THE Checkatrade Trophy will remain in its current format for the next two years - but with some minor tweaks.
The English Football League revealed this morning that two thirds of clubs voted to keep the competition in a similar arrangement to this season.
Oxford United, however, did not.
Chairman Darryl Eales told the Oxford Mail earlier this week their preferred option was to revert back to the 48-team set-up.
But they were comprehensively out-voted by others, and next season’s 64-team tournament will again feature 16 Category One academy sides.
The main changes to the competition are:
- The prize fund is increased from £1.95m to £3m – the rise predominantly made up by a payment of £20,000 to each club as a participation fee.
- Fixtures will be regionalised up to the quarter-final stage, a change from last season when it was round two.
- A club now has to field four qualifying outfield players rather than five.

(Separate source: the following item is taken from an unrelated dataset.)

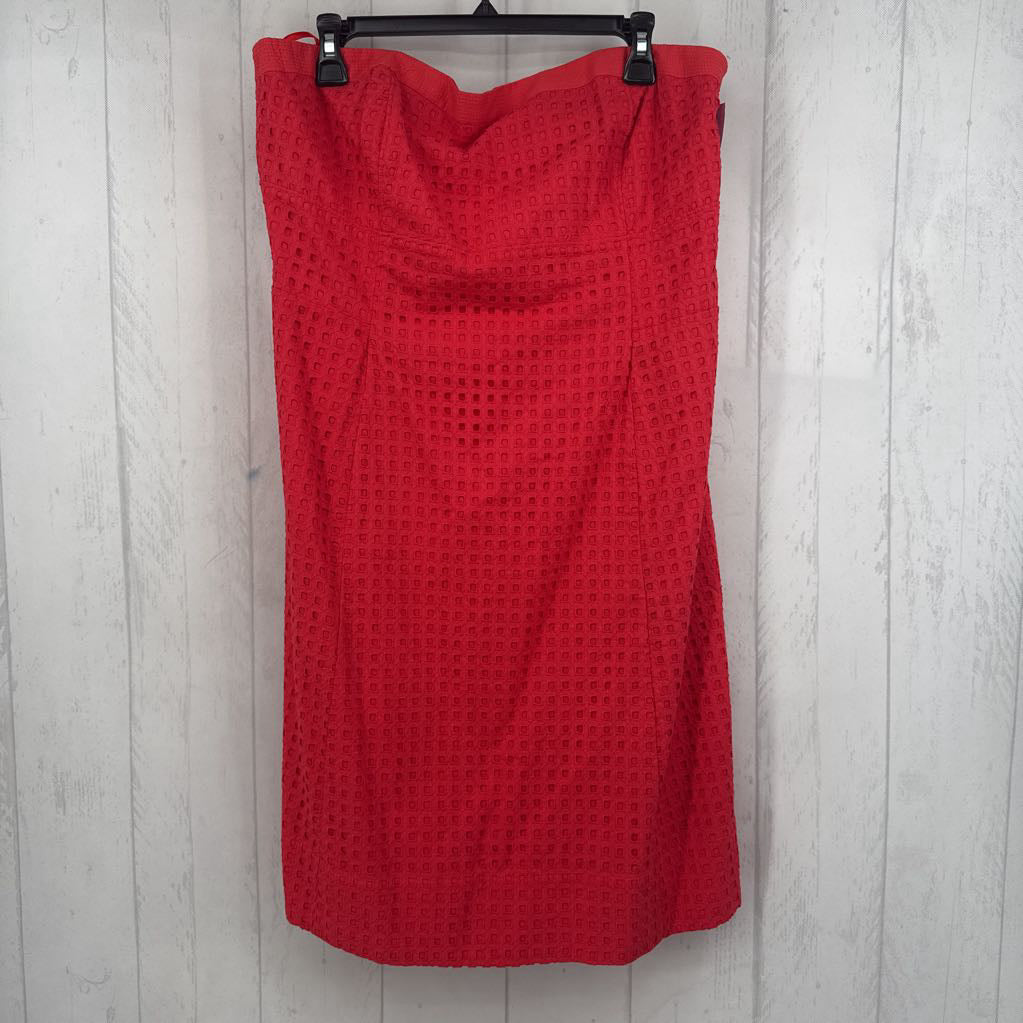 16 eyelet slvls sheath dress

Clubs can play any goalkeeper.
- Alternative dates are available for all group stage matches, rather than all being scheduled during international breaks.

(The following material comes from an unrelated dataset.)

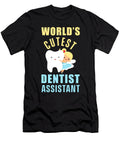 Wolrds Cutest Dentist Assistant Dental Dentistry Gift Thomas Larch T-Shirt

- All Category One teams will play all group matches away - last season they played one at their home ground.
- There is, however, no change in criteria for the 16 invited teams - they still have to play six players under the age of 21 as on June 30.

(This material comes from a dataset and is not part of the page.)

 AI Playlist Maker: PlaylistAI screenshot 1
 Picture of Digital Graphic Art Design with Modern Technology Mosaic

A statement from EFL chief executive Shaun Harvey welcomed the support of the competition.
He said: “The history of the EFL Trophy is one of new ideas and innovation, but at its heart has always been the belief that this is an opportunity for League One and League Two clubs to taste cup success.
“I am therefore delighted to see the backing the Checkatrade Trophy has received from our clubs for the next two seasons, following a full and comprehensive review of this year’s pilot format.
“We wanted to ensure that League One and League Two Clubs had the opportunity to make the key decisions regarding where we take the competition in 2017/18 and beyond and I believe we have reached a revised format that benefits all parties.
“EFL Clubs will have greater flexibility with regard to team selection, while still maintaining the principle that this is a first team competition for our clubs that will support the development and progression of young players.
“The competition will also provide significant financial rewards for all EFL Clubs, which increases with success.”